With Tirzepatide, a 'Great Future' for Patients With T2D

COMMENTARY

With Tirzepatide, a 'Great Future' for Patients With T2D

Juan P. Frias, MD; Mark Harmel, MPH

Disclosures

July 15, 2021

3

This transcript has been edited for clarity.

I'm here to talk about tirzepatide, a dual GIP/GLP-1 receptor agonists that's under investigation for the management of type 2 diabetes, obesity, and fatty liver disease.

We're all very used to GLP-1 receptor agonists. They've been around for over a decade. These are medications such as dulaglutide or semaglutide, which is sort of the new frontier in the management of type 2 diabetes. They're what we call unimolecular multiagonists, the drugs that are agonizing not just the GLP-1 receptor but other receptors as well. With tirzepatide, it is GLP-1 as well as the second incretin hormone, GIP.

Tirzepatide has completed five of the pivotal clinical trials in type 2 diabetes.
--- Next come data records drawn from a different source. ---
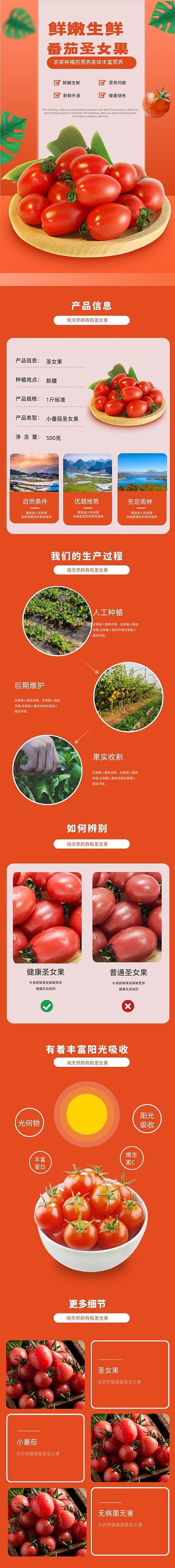小番茄圣女果西红柿夏季蔬菜详情页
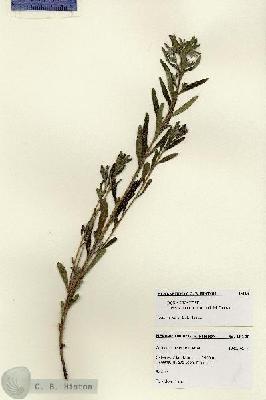URN_catalog_HBHinton_herbarium_18128.jpg.jpg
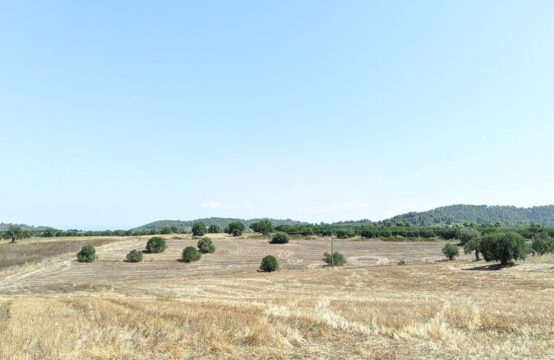 Arsa 6000 m² Kassandra’da (Chalkidiki)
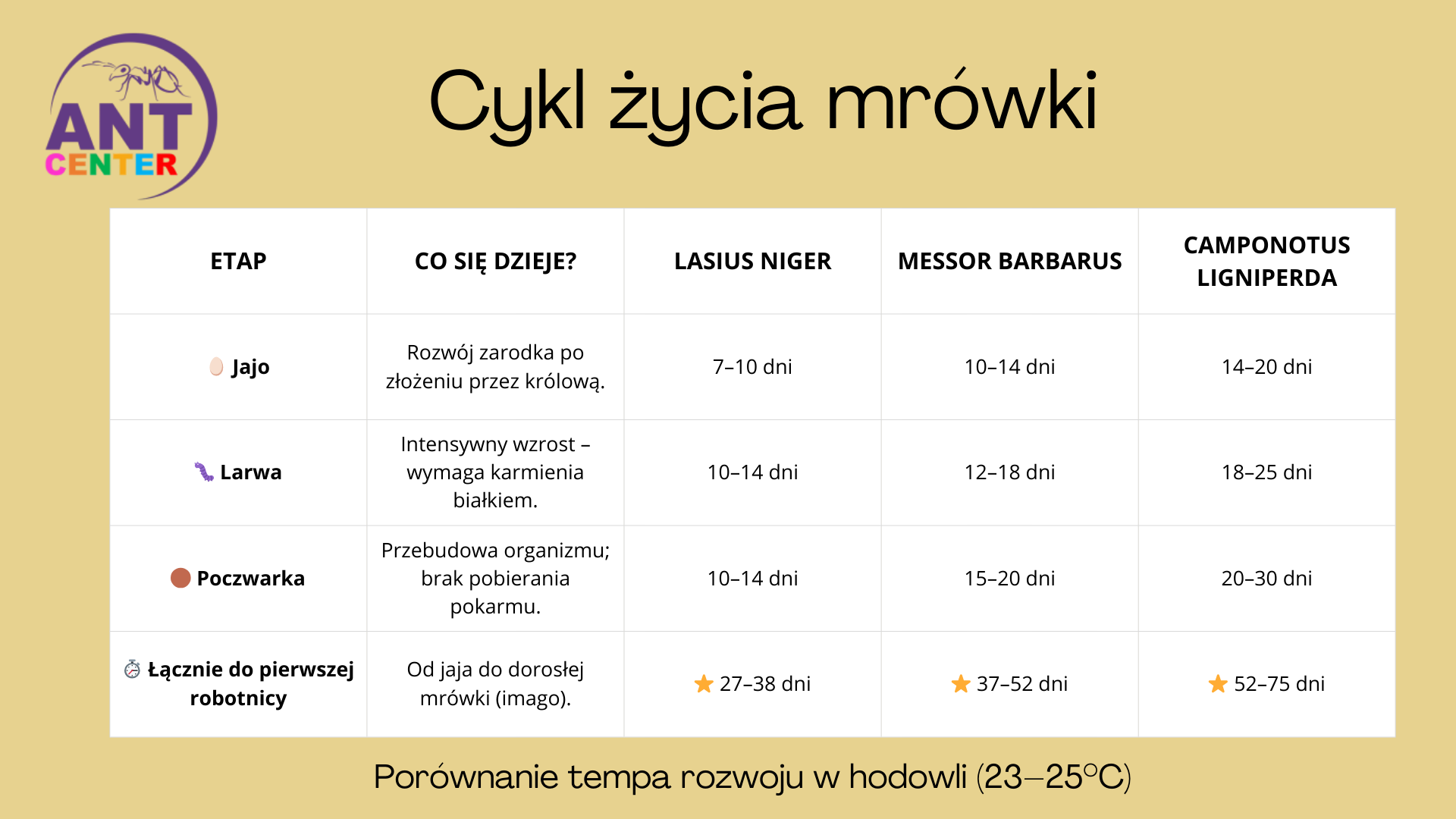 Cykl życia mrówki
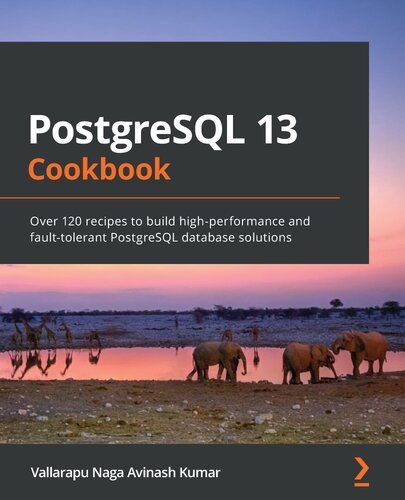 خرید و دانلود نسخه کامل کتاب PostgreSQL 13 Cookbook: Over 120 recipes to build high-performance and fault-tolerant Postg
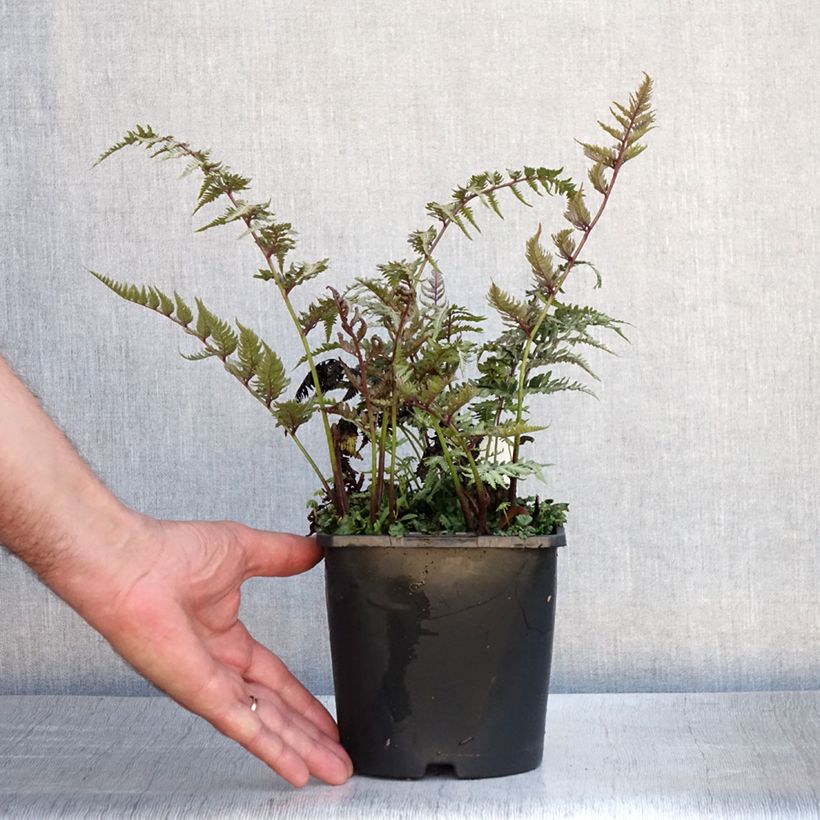 Amostra de Athyrium niponicum pictum Metallicum Vaso de 2 L/3 L tal como entregue no verão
It's my understanding that these will be used for a regulatory filing with the FDA sometime this year, and there have been recent publications and presentations of four of these studies.

These trials span the spectrum of patients with type 2 diabetes: one study in patients treated only with diet and exercise, with a duration of about 4.5 years of diabetes, comparing three doses of tirzepatide with placebo, all the way to a trial in patients already on basal insulin. So, in this case, insulin glargine with a 14-plus-year history of type 2 diabetes. It's also been in one study compared with semaglutide in patients who are on metformin monotherapy. Another one of the studies, in patients who were on metformin with or without an SGLT2 inhibitor, compared tirzepatide with advancing therapy with a basal insulin, in this case, insulin degludec.

Recommendations

Comments

3090D553-9492-4563-8681-AD288FA52ACE
Comments on Medscape are moderated and should be professional in tone and on topic. You must declare any conflicts of interest related to your comments and responses. Please see our Commenting Guide for further information. We reserve the right to remove posts at our sole discretion.

processing....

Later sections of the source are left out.